2020 Scholarship Winner – Tara Ryan

“A person never truly dies until their spirit is completely forgotten and the last person who they’ve touched has perished. So long as we continue to keep the spirit alive, it continues to serve the world.” – Jarard Paige, J. Elliot Marketing

Serving the World by Paying It Forward

In 2012, J. Elliot Marketing in partnership with Women in Aviation International (WAI) announced the $2,500 Christine Reed Memorial Flight Scholarship. Christine passed away before she was able to reach her dream of becoming a private pilot. So to keep her spirit alive, J. Elliot Marketing offers an annual scholarship to women ages 16-30 who have already soloed and are working towards their pilot certificate/ratings.

Meet Tara Ryan – 2018 & 2020 Scholarship Recipient

In January 2018, Ms. Tara Ryan was awarded the Christine Reed Memorial Flight Scholarship, as she embarked on her aviation journey. In just two short years, she has transitioned from being a Funeral Director to now a full-time flight instructor and determined aviation mentor. Given that no scholarships were awarded in 2019, we had the opportunity to offer two scholarships in 2020 and Tara took the chance of applying again. Take a moment to learn why we are proud to support her along her continued, inspiring journey in aviation.

Two years ago when you were first awarded this scholarship, you were spending your days as a Funeral Director and now you’re a full-time flight instructor. How has that transition been in your life?

I didn’t give myself a transition time from leaving Funeral Directing to flying full-time. I scheduled my Private Pilot Checkride and then quit my job to prepare for that. The day after my Checkride, I moved to Florida and started flight training full-time. I had an all or nothing mentality because right now is the time to be in aviation. The opportunities are endless.

Now that my schedule has slowed down some compared to that during my training, I find myself missing the funeral home at times. I thought that career was going to be my lifelong job. I loved the work and the satisfaction from helping people in their time of need. But it was just that – a job. I don’t feel like I’m working a “job” as a flight instructor. I get to go fly everyday. Literally, I get to go fly everyday. Which is awesome!
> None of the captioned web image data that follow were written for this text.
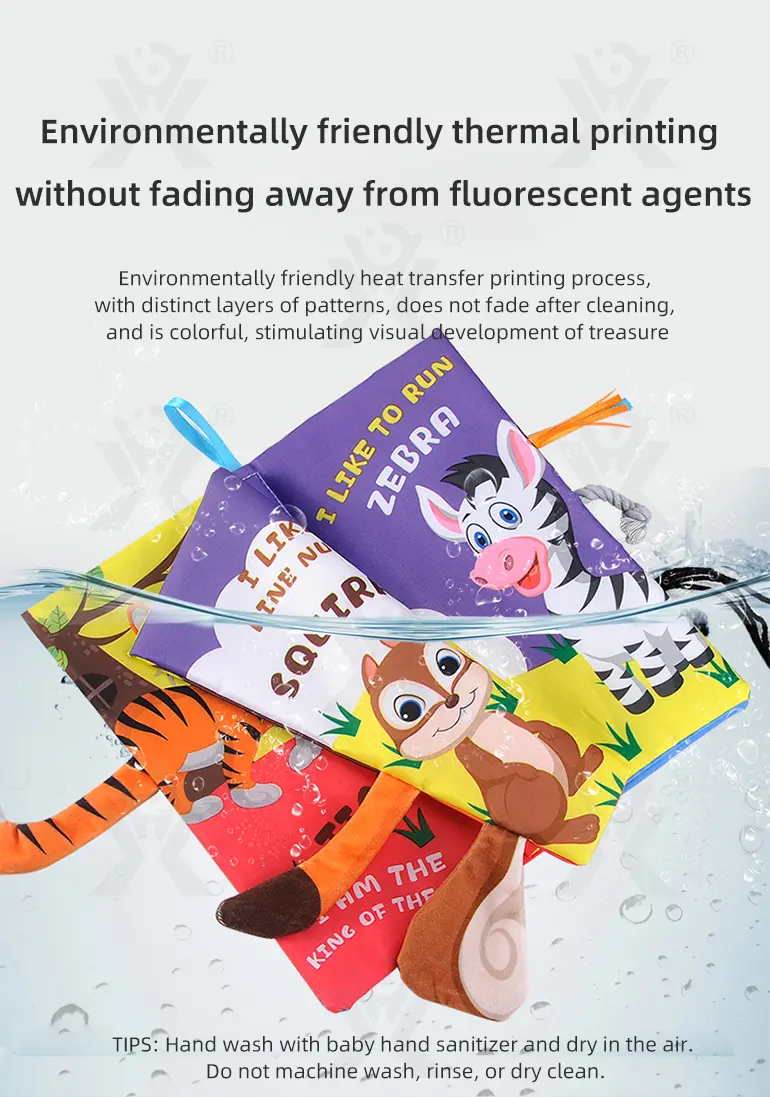 Animal Washable Tails Cloth Book Touch (TB-2118106) — illustrated product details, panel 6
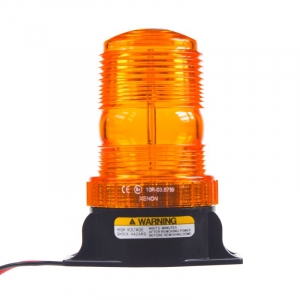 Xenónový maják oranžový 12V / 24V - zábleskový na pevnú montáž ECE R10 (132x100x72mm)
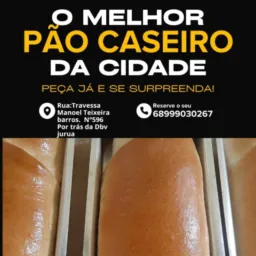 PÃO CASEIRO...O MELHOR DA CIDADE...🤤🍞😋🤤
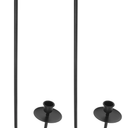 Metal Wall Candle Sconce Holder Set of 2 Wall Mount Candle 16.5 in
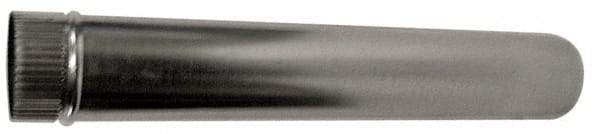 Made in USA - 10" ID, Galvanized Round Pipe - 24" Long, Standard Gage - Strong Tooling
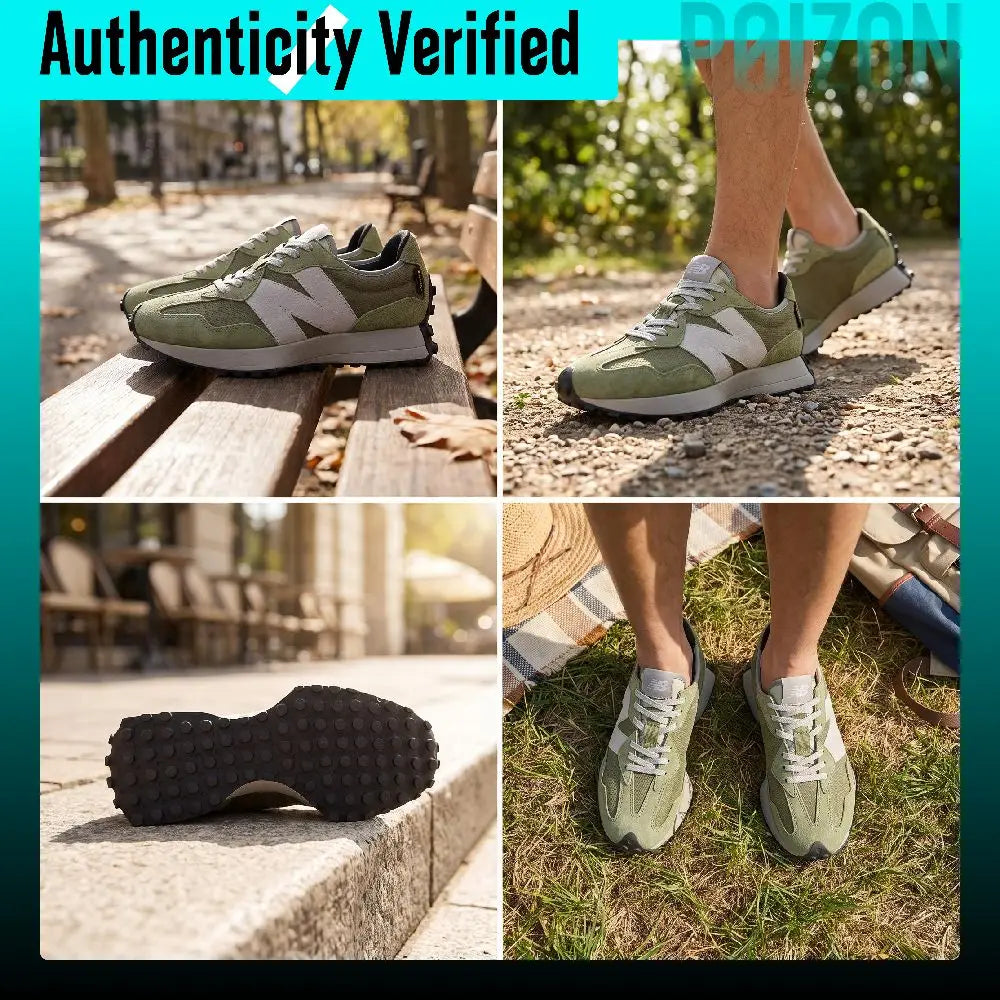 New Balance NB 327 Leather Low top Running Shoes Men's Green U327OB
On top of that, I get to go hang out with people who share the same passion about aviation that I do. I am so happy to have taken the plunge and switched to aviation. If anything, I am grateful to have had the chance to experience and develop two awesome skill sets, and know that I still have one I can fall back on or use as a retirement plan.

You’re currently training both private and commercial pilots, as well as high school age or younger students with an interest in aviation. What are the some of the key differences between preparing these two different groups of interested aviators?

I try to do my best to treat all my students like they are adults. They tend to respond better to this since no one likes to feel inferior. My objective is to create an equal learning environment for everyone.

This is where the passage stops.